=== Dataset excerpts ===

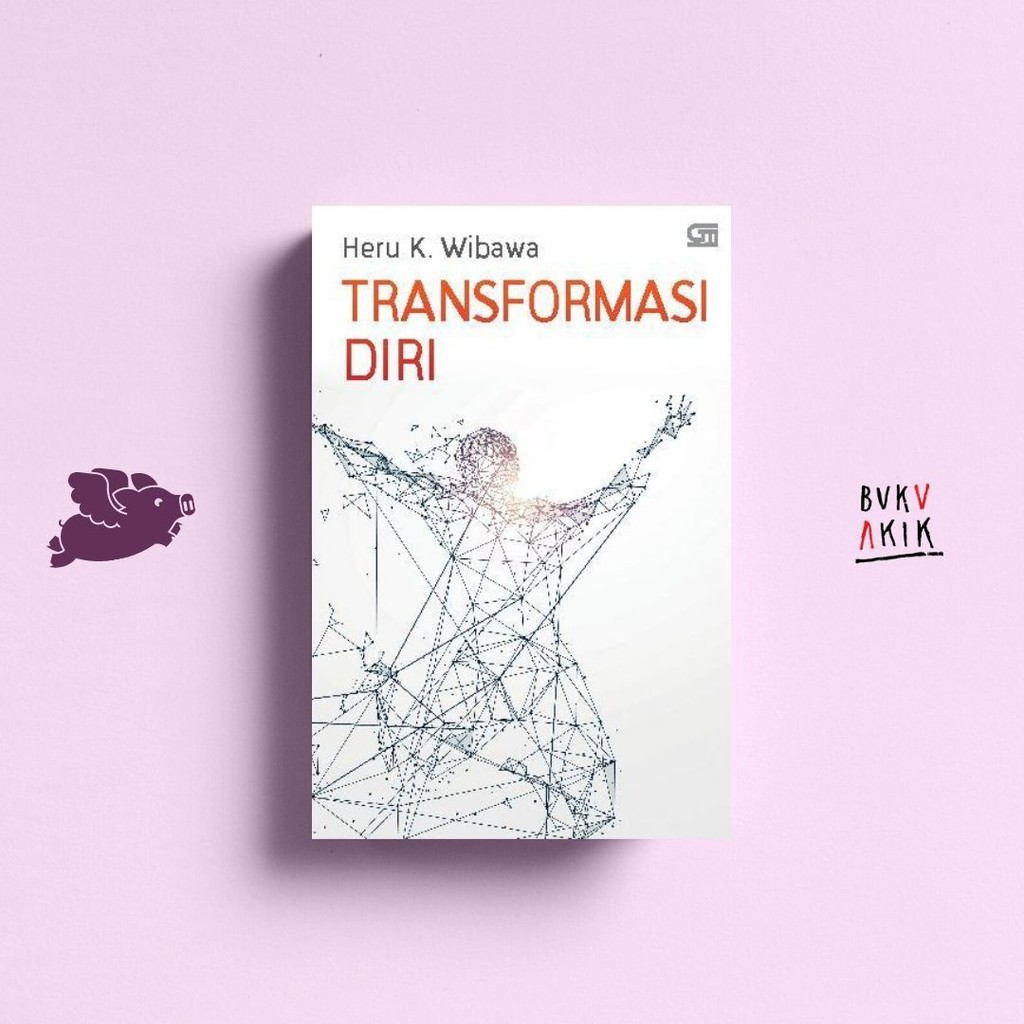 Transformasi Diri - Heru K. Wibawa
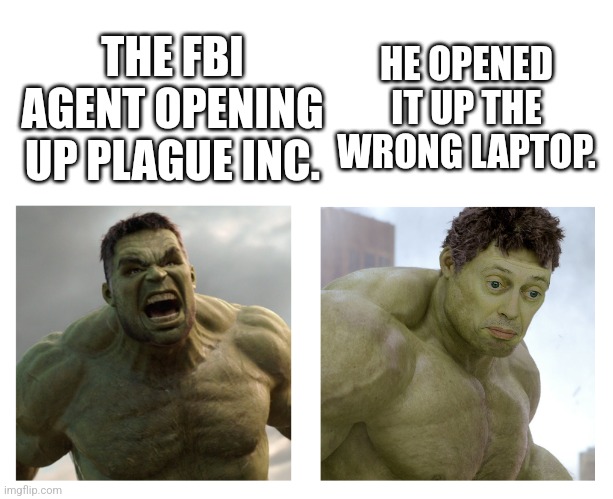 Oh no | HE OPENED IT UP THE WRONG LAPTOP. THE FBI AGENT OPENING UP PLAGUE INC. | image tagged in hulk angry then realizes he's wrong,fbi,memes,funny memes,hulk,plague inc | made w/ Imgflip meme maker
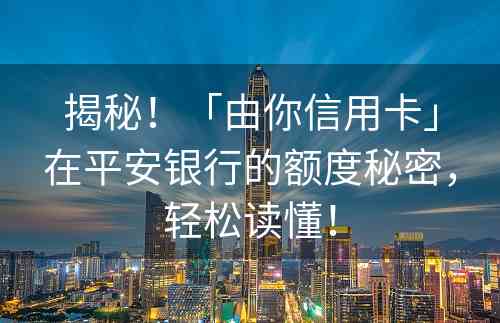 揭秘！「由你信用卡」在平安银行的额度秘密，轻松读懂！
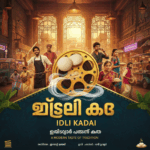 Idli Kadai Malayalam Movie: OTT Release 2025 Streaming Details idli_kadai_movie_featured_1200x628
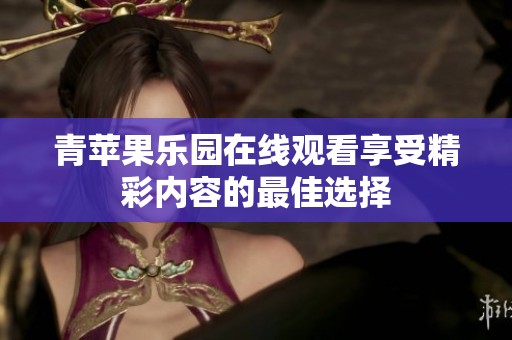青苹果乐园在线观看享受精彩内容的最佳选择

===

**Work required**
Print the material above once more, exactly, minus the pictures.

**Solution**
 Transformasi Diri - Heru K. Wibawa
 Oh no | HE OPENED IT UP THE WRONG LAPTOP. THE FBI AGENT OPENING UP PLAGUE INC. | image tagged in hulk angry then realizes he's wrong,fbi,memes,funny memes,hulk,plague inc | made w/ Imgflip meme maker
 揭秘！「由你信用卡」在平安银行的额度秘密，轻松读懂！
 Idli Kadai Malayalam Movie: OTT Release 2025 Streaming Details idli_kadai_movie_featured_1200x628
青苹果乐园在线观看享受精彩内容的最佳选择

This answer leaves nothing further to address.